Journal
More


Clearwire – Moving Ahead with LTE? Will Sprint Nextel Be Bailing out on WiMax
8/8/2010
By PJLouis
Tags: Sprint, LTE, WiMax, Clearwire

Comments on article found at: http://online.wsj.com/article/SB10001424052748704017904575409860401340320.html?mod=WSJ_Tech_LEFTTopNews

I am still a supporter of WiMax as a 4G technology. However, we may be seeing market forces at work here. Buying network equipment is partially about leverage and numbers.

The fewer the network equipment buyers there are the less leverage that buying group has over the equipment suppliers. Carriers are always trying to leverage buying group strength to force vendors to lower prices. Carriers as a whole do not actually plan to buy as a group, however, vendors see carriers as a group. The more customers there are the lower the pricing (hopefully). Vendors have to be able to pay their bills. Economies of scale are achieved when there are massive numbers of buyers. This is what is driving Clearwire and Sprint Nextel (NYSE:S) towards carefully examining the potential for LTE.

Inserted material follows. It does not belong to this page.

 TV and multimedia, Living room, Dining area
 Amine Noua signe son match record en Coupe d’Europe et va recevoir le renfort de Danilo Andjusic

What is occurring needs to be put in its proper context; money is driving the decisions towards testing LTE not technical capability. LTE essentially does not exist except in two places; labs and the minds of the engineers.

Is Clearwire doing the right thing? Despite what many talking heads on television are saying, we are still in a recession. People are still losing their jobs and people are spending less. This means one thing for the 4G market revolution, it is being slowed down by economics and not technology capability.

Unless there is a large spike in demand for 4G services that cannot be dealt with by 3G, Clearwire and Sprint Nextel are forced to examine the viability of LTE. As time passes, LTE gets closer to becoming a reality. Unless the market is demanding 4G services it would be bad fiscal management to invest in something that is not needed now. This is good carrier management.

There may be analysts out there who want to take a shot at Bill Morrow or even Dan Hesse over this issue; however, those analysts would be off-base. Looking at LTE given the current circumstances is simply good carrier management.

Clearwire and Sprint Nextel are facing a tough decision in the next 2 or 3 quarters.

In the past WiMax made good economic sense for greenfield deployments while LTE was better suited for the upgrade path.  Does this still hold true?  Does WiMax still have a future in developing countries?